La conséquence de tout cela c'est que la théorie juridique du territoire, telle qu'elle est communément admise et telle qu'elle ressort de nos constitutions, est peut-être quelque chose de bien artificiel.

26. Le territoire limite de la puissance politique. Si le territoire est élément de la personnalité juridique de l'Etat, n'est-il pas en même temps objet d'un droit appartenant à l'Etat? On a déjà dit que dans la théorie patrimoniale, on reconnaissait au prince sur le territoire de ses Etats un droit réel analogue au droit de propriété. Cette idée est encore défendue par quelques auteurs, comme Seydel, qui n'admettent pas la personnalité de l'Etat, et qui ne voient dans le territoire que l'objet d'un droit dont le Herrscher est titulaire. Cette doctrine ne compte d'ailleurs que de rares partisans. Mais certains publicistes, qui admettent la personnalité juridique de l'Etat et qui voient même dans le territoire un élément de cette personnalité, enseignent en même temps que l'Etat a sur le territoire un droit public, qui est distinct du droit de puissance qu'il exerce sur les personnes. Les auteurs français et particulièrement les auteurs de droit international parlent constamment de la souveraineté territoriale, voulant désigner cerLainement par là un droit qui appartiendrait à l'Etat sur son territoire. La nature de ce droit, ils ne la déterminent point d'une manière précise. Cependant il

semble bien que les idées de Proudhon (Traité du domaine public, 1844, 2o édit.) sont encore dominantes. Ce droit de l'Etat sur son territoire est, dit-on, un droit réel, mais un droit réel de droit public. On doit distinguer ce que Proudhon appelait le domaine de propriété et le domaine de souveraineté. Le domaine de propriété, c'est la propriété du droit civil; le domaine de souveraineté, c'est le droit réel d'ordre public que l'Etat possède sur son territoire.
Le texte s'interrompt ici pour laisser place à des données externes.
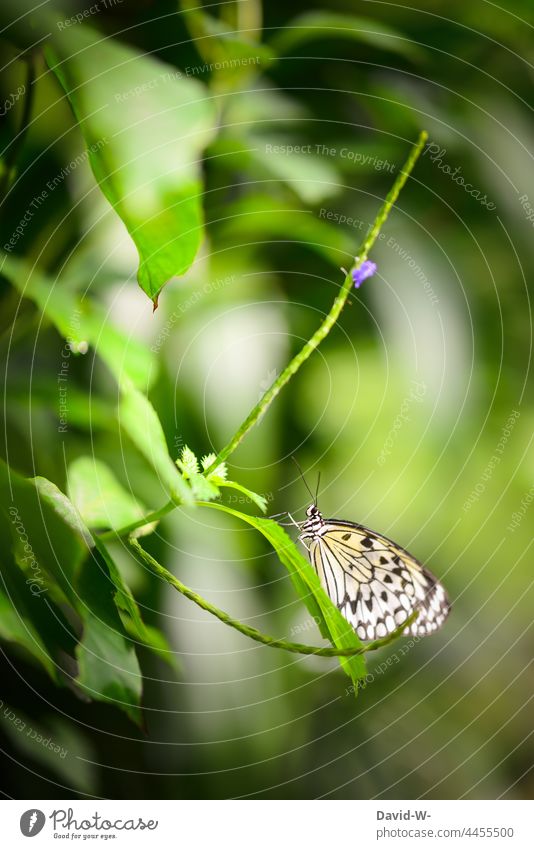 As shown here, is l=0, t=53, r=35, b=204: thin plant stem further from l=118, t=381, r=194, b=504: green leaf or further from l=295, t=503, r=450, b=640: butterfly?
l=295, t=503, r=450, b=640: butterfly

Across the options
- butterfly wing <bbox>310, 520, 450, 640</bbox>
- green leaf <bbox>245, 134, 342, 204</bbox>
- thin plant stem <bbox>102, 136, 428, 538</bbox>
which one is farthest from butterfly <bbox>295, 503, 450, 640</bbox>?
green leaf <bbox>245, 134, 342, 204</bbox>

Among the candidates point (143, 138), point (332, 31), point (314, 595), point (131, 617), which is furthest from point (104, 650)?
point (332, 31)

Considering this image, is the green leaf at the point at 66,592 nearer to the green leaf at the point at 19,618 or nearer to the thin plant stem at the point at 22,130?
the green leaf at the point at 19,618

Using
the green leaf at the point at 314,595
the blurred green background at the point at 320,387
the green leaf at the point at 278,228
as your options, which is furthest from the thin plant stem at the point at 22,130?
the green leaf at the point at 314,595

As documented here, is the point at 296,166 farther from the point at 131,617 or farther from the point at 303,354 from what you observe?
the point at 131,617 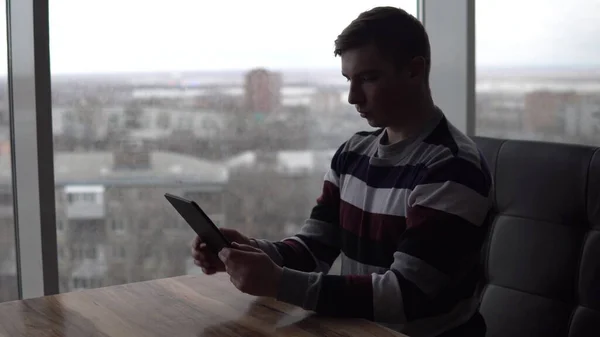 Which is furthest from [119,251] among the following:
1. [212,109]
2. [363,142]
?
[363,142]

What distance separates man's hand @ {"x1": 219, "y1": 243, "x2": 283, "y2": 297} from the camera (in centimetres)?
143

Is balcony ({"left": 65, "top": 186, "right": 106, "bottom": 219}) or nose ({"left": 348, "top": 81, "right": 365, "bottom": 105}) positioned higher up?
nose ({"left": 348, "top": 81, "right": 365, "bottom": 105})

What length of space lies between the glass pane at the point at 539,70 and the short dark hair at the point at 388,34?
1161 mm

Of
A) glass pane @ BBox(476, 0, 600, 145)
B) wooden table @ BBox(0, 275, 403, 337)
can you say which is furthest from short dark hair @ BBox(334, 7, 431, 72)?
glass pane @ BBox(476, 0, 600, 145)

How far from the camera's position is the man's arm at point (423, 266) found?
4.70 ft

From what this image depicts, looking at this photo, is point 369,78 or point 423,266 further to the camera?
point 369,78

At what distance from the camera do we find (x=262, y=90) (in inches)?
101

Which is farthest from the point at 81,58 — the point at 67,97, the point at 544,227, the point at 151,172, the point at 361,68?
the point at 544,227

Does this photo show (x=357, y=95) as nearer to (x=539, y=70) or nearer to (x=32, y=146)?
(x=32, y=146)

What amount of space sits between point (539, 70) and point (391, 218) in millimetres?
1315

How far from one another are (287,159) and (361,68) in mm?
1040

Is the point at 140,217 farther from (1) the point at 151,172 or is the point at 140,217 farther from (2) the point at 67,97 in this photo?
(2) the point at 67,97

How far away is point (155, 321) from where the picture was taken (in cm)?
140

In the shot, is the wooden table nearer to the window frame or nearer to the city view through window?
the window frame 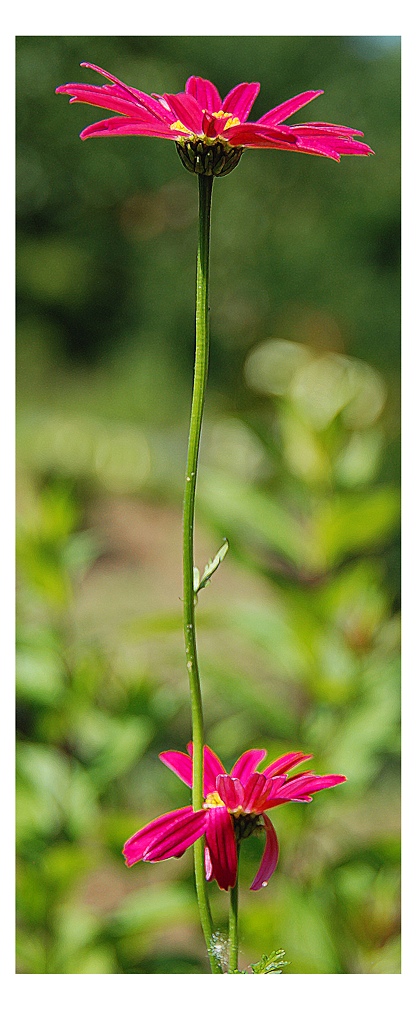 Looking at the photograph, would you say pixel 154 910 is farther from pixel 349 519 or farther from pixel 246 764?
pixel 246 764

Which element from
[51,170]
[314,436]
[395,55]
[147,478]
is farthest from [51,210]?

En Allemagne, M. Laband, partisan convaincu de la personnalité de l'Etat, enseigne que celui-ci possède un droit réel de droit public sur son territoire. « On doit reconnaître, dit-il, que l'Etat a un droit sur son territoire, qui est substantiellement différent de ses droits de puissance sur ses sujets et que l'on doit considérer comme étant un droit réel de droit public. Par là l'Etat peut remplir ses fonctions; il n'atteint pas seulement ses sujets, mais aussi le sol et le soumet à sa volonté, à sa puissance (Droit public, édit. franç., 1900, I, p. 287).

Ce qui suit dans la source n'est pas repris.